We live in an age of disruption. To thrive in a world that’s characterized by constant and insatiable change, leaders need to embrace disorder as the new order, make peace with it, and capitalize upon it. I agree wholeheartedly with Nassim Taleb, whose book, Antifragile: Things That Gain From Disorder, suggests how certain things don’t break and decline when put under stress, but grow and strengthen. The need for leaders to react dynamically to the unexpected and turn change into opportunity is what will come to define leadership in our era of convergence.
Lately, I’ve noticed that what clients want, talk about, and yearn for above all else, is transformation. Fundamentally they are looking to make sense of a world that is shifting beneath their feet. They shouldn’t fear: the basic model for business and media is as familiar as biology. Things evolve and adapt, some things die along the way, and new life forms emerge. Darwinian survival of the fittest holds as much relevance in the marketplace as it does in the zoo. And, if we look at business through that evolutionary lens, utility becomes crucial. (In many ways, those world-shifters Facebook and Google are simply communications utilities, albeit ones that encourage their users to live their lives online!)
At the recent Global Drucker Forum livestreamed from Vienna, named after Peter Drucker, the business philosopher whom Business Week said “invented management,” the topic of disruption in our transformational age was front and center. There were two especially revelatory presentations.
The first was from Rachel Botsman, author, contributing editor at Wired magazine, and founder of the Collaborative Lab. Botsman’s theory of “collaborative consumption,” defined in her critically acclaimed book about the sharing economy, What’s Mine is Yours: How Collaborative Consumption is Changing the Way We Live, was named one of TIME magazine’s “10 ideas that will change the world.” In her Drucker Forum keynote, Botsman named trust as the single greatest quality driving our era’s massive structural changes.
Botsman spoke about how institutional trust is moving to peer trust and how technology allows trust to form between strangers—as seen by the success of Airbnb, Uber, etc.—in ways that are very disruptive to traditional institutions. The digital world is creating new forms of accountability that are at odds with institutional trust (which in the past was denoted by words and characteristics like “control,” “big,” “linear,” and “centralized”), and qualities once most prized from big businesses no longer work in the collaborative age.
Meanwhile Robin Chase, founder and former CEO of Zipcar and co-founder of Veniam, described a new paradigm for building companies that she calls “Peers, Inc.” This new model depends on three ingredients to succeed: making available excess capacity, building a platform for participation, and inviting diversity of peers. As an example, Chase showed how in just four years AirBnB was able to offer as many rooms worldwide (650,000) as Hilton achieved after 90 years in business.

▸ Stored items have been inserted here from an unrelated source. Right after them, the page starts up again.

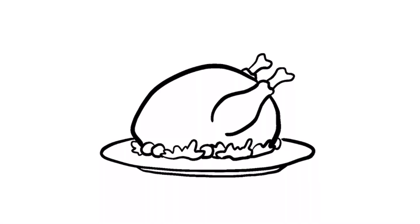Lastly, add some groups of small dots on the turkey for the crispy skin. Some here, here, here, and here. And now you've got a roast turkey.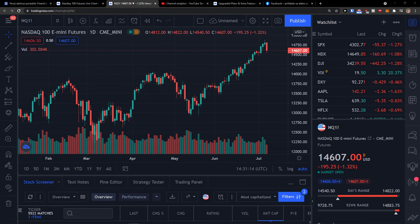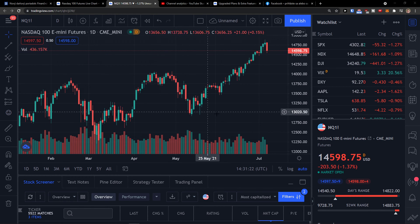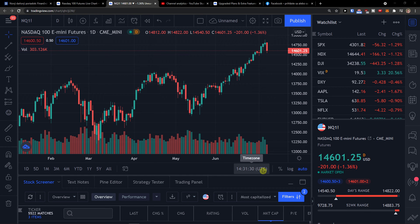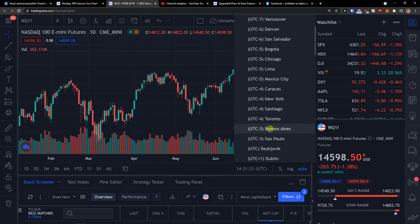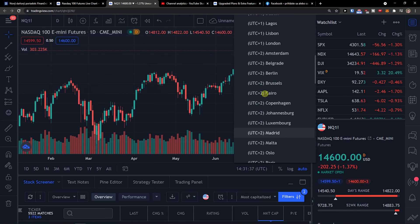Hey there guys, my name is Markus and in this video I'll show you a step by step process how you can easily change the time zone in TradingView. When you're in TradingView, just go with your mouse to the bottom bar where you see the auto lock toggle and percentage — you're going to see time zone. Click on your time zone and then just change the time zone you want.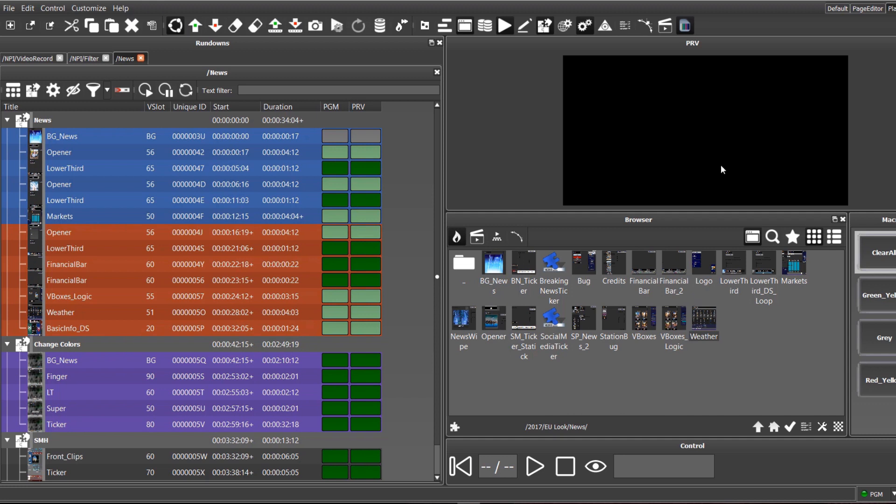The next part is local preview, where a user can see the coming up next graphics, giving them confidence that they will be using the correct graphics during production.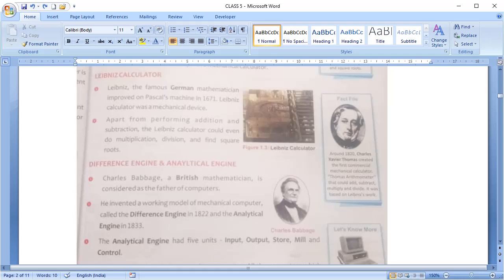Next is difference engine and analytical engine. Charles Babbage is a British mathematician who is known as father of modern computers. He invented a working model of difference engine in 1822 and the analytical engine in 1833. Like the modern computers, analytical engines have 5 units: input, output, store, mill and control.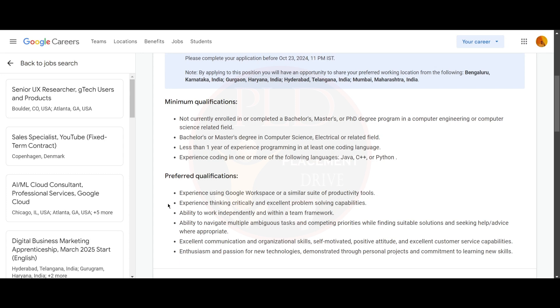You should have enthusiasm and passion for new technologies demonstrated through personal projects and commitment to learning new skills.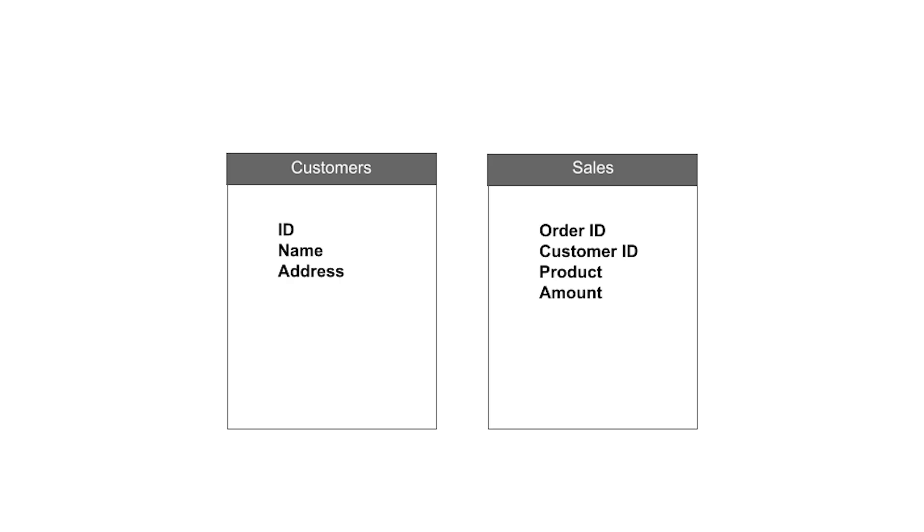Let me give you a simple example. You have a table containing customer information - ID, name, and address. Then you have a table containing website sales data - order ID, customer ID, products ordered, amounts, etc.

The challenge for some legacy companies and organizations is that they can’t turn on a dime, and might not be culturally equipped for major transformation. (Overhauling a factory isn’t the same as writing code.) Some adapt: several great journalistic institutions like The New York Times have been able to navigate the waters of dual revenue streams of advertising and digital subscription models and smartly deploy paywalls and “freemiums.” In the manufacturing world, Toyota offers perhaps the premier example of a legacy company that carved out an entirely new category with Prius, the world’s first mass-produced hybrid vehicle.
Whether we’re talking about e-commerce, social commerce, omni-channel, or one-to-one, it’s all just plain old commerce. The mechanics of today’s commerce may be different—as customers need to be motivated to push “buy” as opposed to going through the physical motions of purchasing—but the intent is still the same. It’s the connection that matters. And connection is the role that advertisers and marketers have to play in this shifting landscape. We remain the creators of communication touchpoints, the managers of that vital connection between customer and product. Make that connection meaningful, and we can help bring clarity to these muddy waters.
That’s not to say that our work isn’t also subject to Darwinian biology! Consider how ads have adapted since the rise of YouTube. When viewers have a five-second window to decide whether or not to skip an ad, that exerts powerful creative pressures on advertisers—both to cram in as much topline material as possible into those first, precious few seconds; and to make spots that are compelling enough to keep viewers eyeballs fixed. At the recent Ignition event, Business Insider co-founder, CEO, and editor-in-chief Henry Blodget made seven essential predictions about the future of media. Among them, “Native digital advertising will continue to thrive.” But Blodget made a point of emphasizing the Darwinian definition of “native ads” as advertising that fits the way content and stories in the medium are consumed.
Now is the time for a new leadership that is connected, anticipatory, and reactive all at the same time—leadership that can surf the waves of chaos. Complexity is nothing new; the rate of change is. The sharing economy, mobile commerce, the cloud, and big data: a decade ago few had heard of these concepts (though Nicholas Negroponte’s 1996 book Being Digital made all this pretty clear). Now, that’s the ground upon which multi-billion dollar companies are built. The leadership needed for our era of convergence challenges us to be like the lotus: a thing of beauty that’s at peace in muddy waters.